Problem #1: Electrical contact sticking (welding)

This is one of the most common failure modes for electrical contacts. The following is a checklist of some possible contributing factors.

  • Contamination or corrosion of the contact surface can increase contact resistance, thus raising the temperature at the points of contact and increasing the tendency to weld.
  • A loose rivet joint, a poor weld or brazed joint can also contribute to contact heating which may lead to welding.
  • Poor contact alignment reduces the effective contact area and can contribute to contact welding.
  • A mechanical problem in the device which reduces contact force or reduces the opening force of the contacts may cause a contact welding problem.
  • Currents that are higher than normal can cause contact welding. For new applications, in addition to the above.
  • Make sure the contacts are a suitable size and material for the application.
  • Support members for electrical contacts should be as highly conductive as possible to help keep the contacts cool. This factor should not be overlooked for it can make the difference between success and failure for a given contact set.

Problem #2: High contact erosion

If electrical contacts are eroding too rapidly, review all of the factors listed in the contact welding section (above), because the same factors can cause increased erosion rates even if the conditions are not severe enough to cause welding. In addition:

  • Check for contact bounce. If electrical contacts are chattering when closing, erosion can be significantly increased as a result.
  • For AC circuits, contacts should not open too rapidly. The contacts should be opened fast enough to minimize arc re-ignition, but slow enough to minimize the arc length (arc energy is proportional to arc length). The arc will tend to extinguish at the first current zero after the contacts have opened beyond a critical distance. For DC circuits, the electrical contacts should be opened rapidly to minimize arc duration. For both AC circuits and DC circuits, contacts should close rapidly with minimum bounce.
  • Any device that is added to reduce arc duration or intensity between electrical contacts will reduce erosion.
  • Mechanical erosion can be reduced by lowering the contact force within a reasonable limit. However, if the contact force is too low, the electrical erosion will far exceed any reduction in mechanical wear.

Problem #3: Material transfer from one electrical contact to the other

Material transfer is generally associated with DC circuits due to the polarity of the circuit being interrupted.

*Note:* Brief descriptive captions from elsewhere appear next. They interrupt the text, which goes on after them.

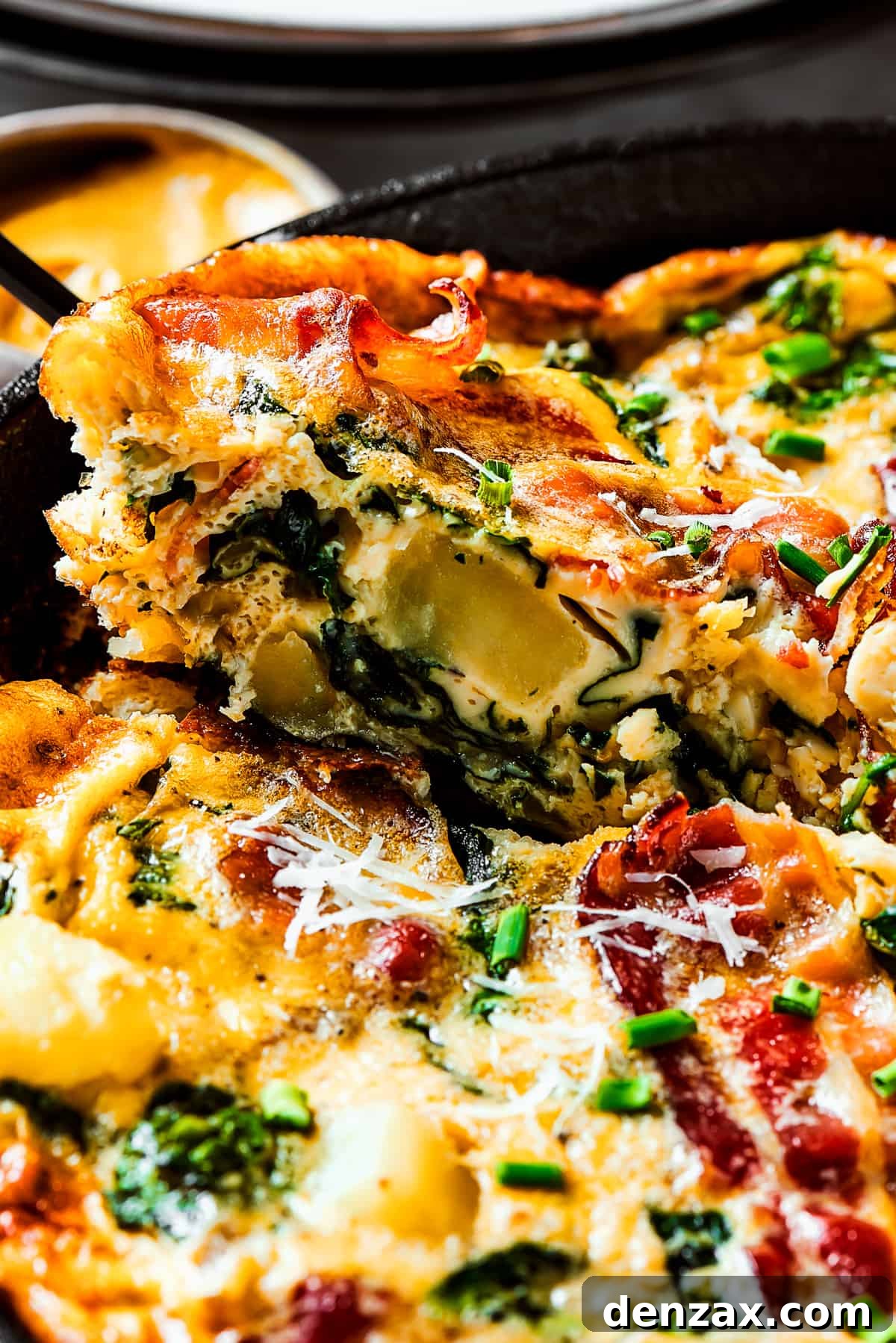 Lifting a slice of frittata out of a pan.
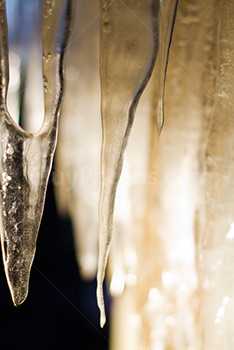 Stalactites with ice in the sunlight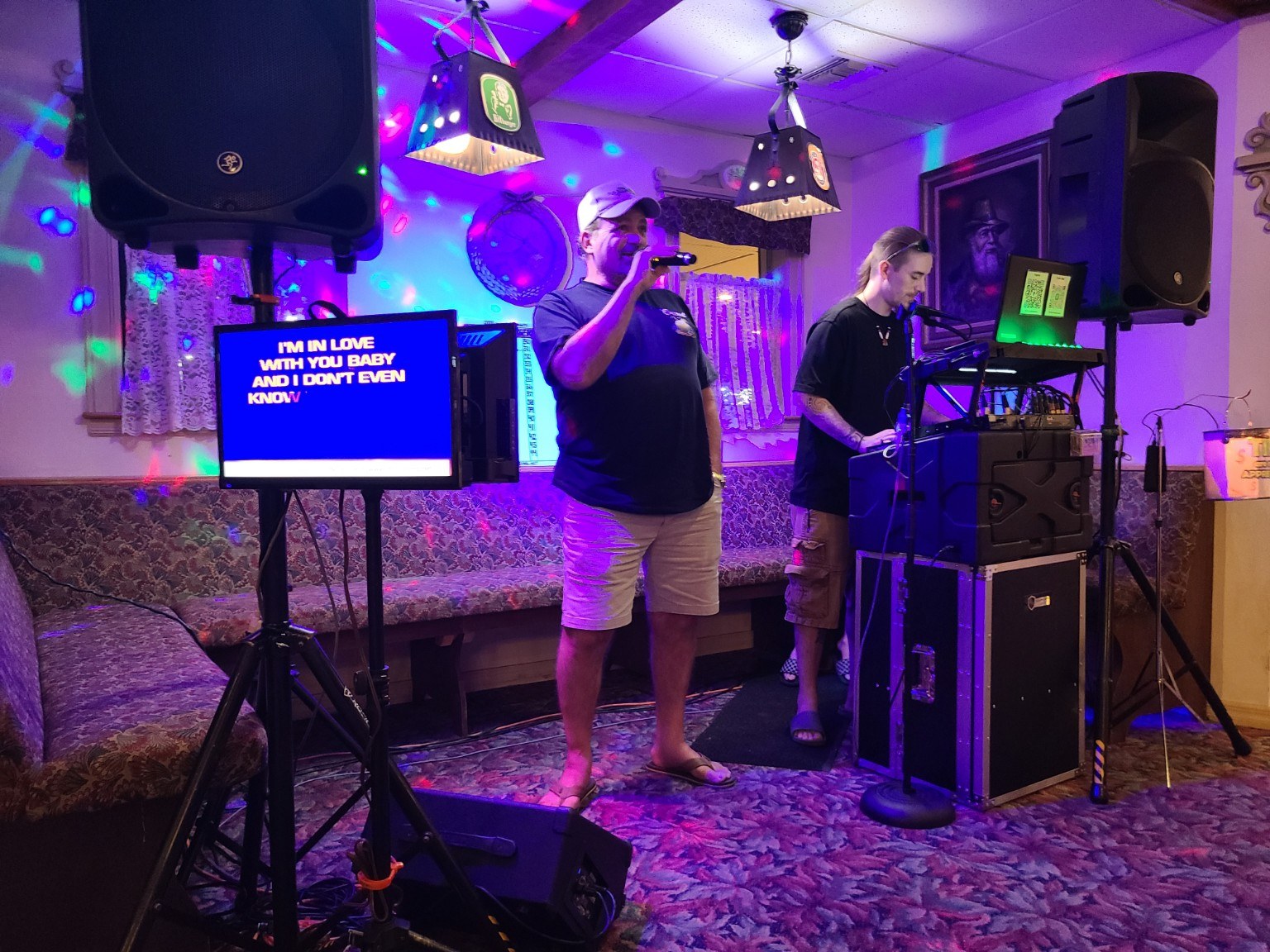 Guest singing karaoke at a lively show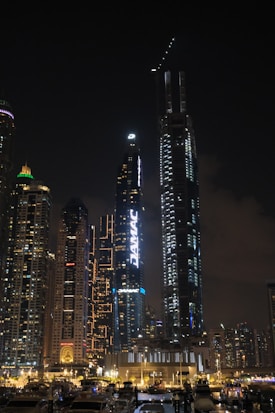A nighttime cityscape featuring tall, illuminated skyscrapers with bright signage in an urban environment. The skyline is densely packed and there's a marina in the foreground with several boats docked.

  • If the electrical contacts operate under non-arcing conditions, a phenomenon known as “metal bridge transfer” causes material to migrate from the positive to the negative contact.
  • If the electrical contacts are operating under arcing conditions, in addition to metal transfer, another phenomenon occurs that causes material transfer from the negative to the positive contact. This is a result of arc emission and is referred to as “arc transfer.” As a result, the arc duration and intensity will determine whether the net transfer will be to the negative contact or the positive contact.
  • Selection of electrical contact materials that resist material transfer is important for DC applications. High melting and boiling points, good resistance to contact welding, high electrical and thermal conductivity and high hardness are properties that help reduce material transfer.

Problem #4: High electrical contact resistance

This problem is generally caused by either foreign contamination or corrosion of the electrical contact material. High contact resistance can lead to overheating, contact welding, high erosion rates, or no contact at all.

  • Contract corrosion can be controlled by using a contact material that is not readily attacked by the environment in which the contacts will operate.
  • Electrical contacts can be operated in a sealed controlled atmosphere to eliminate or reduce corrosion and foreign contamination.
  • Contacts should be as clean as possible when the device is fully assembled.
  • Designing the electrical contact system to provide some wiping action can be vital in keeping contact surfaces clean during operation.